「電車の運転士をしています」というと必ず聞かれる質問が
「人身事故の経験ありますか」
です。実は私自身は経験がありません。ただ私が担当する路線では残念ながら毎年人身事故が起きています。
当たるか当たらないかは本当に運次第ですが、比較的件数が多い区間、駅というのは実際にあって、そこを通るときは何年やっても毎回とても緊張します。
個人的には、ホームドアがついている、高架で踏切がない区間は人が侵入する可能性が低いためかなりリラックスして運転できます。(もちろんそれ以外でも気を遣うことは多いですが)
人身事故が起きると、必ずその日の社内の休憩所などでは担当の運転士が誰だったのか?という話題で持ちきりになります。「あいつは初めてだな~」とか「また~さんか!」といった感じです。
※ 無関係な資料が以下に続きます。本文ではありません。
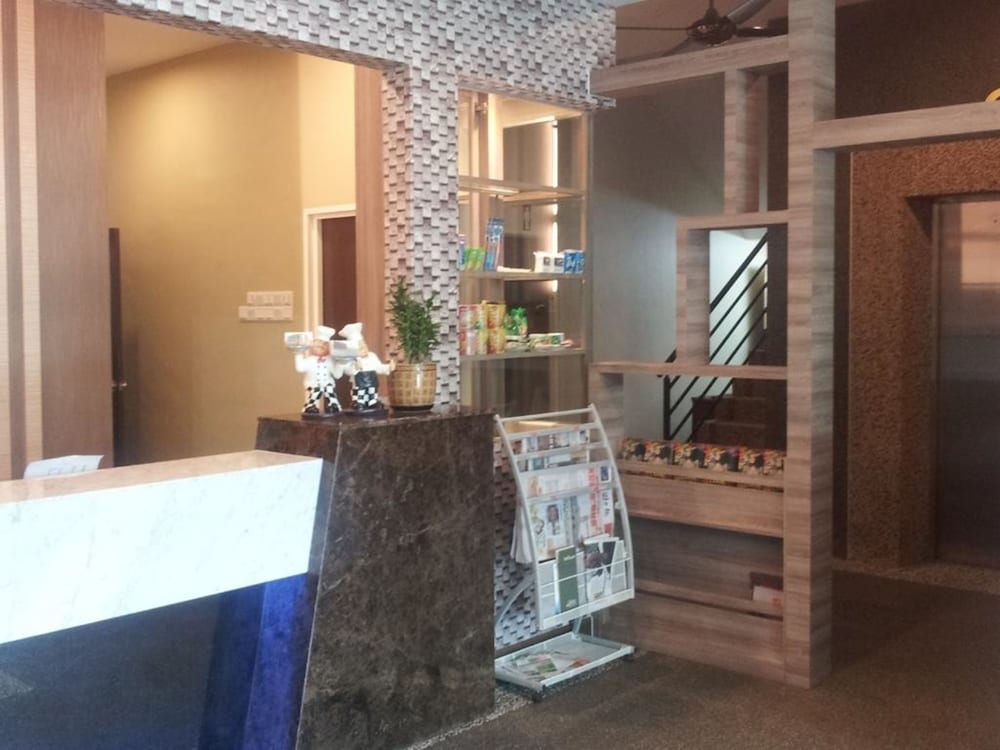 Hotel Suria 18 6/24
当日や翌日に担当運転士に会った時は、励ましたり当時の状況や体験を軽く話したりして、本人の緊張や興奮状態をできるだけ落ち着けられるようにお互いしています。気丈にふるまう人が大半ですが本人にはとてもつらい経験なのは間違いないと思います。
もちろん覚悟のうえでこの仕事を選んでいますが、私は毎日家を出て会社に行くとき、「明日も 何事なく 帰って来よう」(運転士は泊り勤務)と誓いドアを開けています。